と思えば。再び急に暗転になり、また違う映像が再生された。今度は身体の激痛に、息も絶え絶えになっていて、ふらついていたと思ったら倒れ、今度はすぐに暗転した。
以降も、誰かの目線の映像が次々と流れるが、どれも激痛と呼吸困難で倒れた。
五人、六人と、同じ映像が繰り返される。何度も。何度も。
それを見ていて気付いた。最後の暗転は、事切れているという意味だった。傍から見ている映像ではないのに、なぜかユダはそうだと理解できた。

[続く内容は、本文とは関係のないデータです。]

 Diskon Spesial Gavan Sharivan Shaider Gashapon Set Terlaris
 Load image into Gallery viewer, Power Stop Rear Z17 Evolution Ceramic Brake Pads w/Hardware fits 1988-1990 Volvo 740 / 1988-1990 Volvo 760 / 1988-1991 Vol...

その映像は、着実に深層介入する。精神的負荷を掛けられるユダにも、少しずつ異変が起き始める。
「や……やめろ……」
事切れる映像が何十人と続きながら、時代が遡っていく。血腥い映像とマタイとの相互干渉力も相俟って、岩を括りつけられよたうに心が重くなる。
自分ではないのに、自分が何度も死んでいるような錯覚に陥りそうになる。呼吸も浅く早くなり、追い詰められていく。
ユダは、頭を掴むマタイの手首を掴んだ。
「やめてくれ……」
「此れは重要な儀式だ。お前の大事な大事な過去を、甦らせる為の」
恐怖と拒絶で冷や汗が止まらない。焦点が定まらない。このままでは危険だと、ユダの本能が叫ぶ。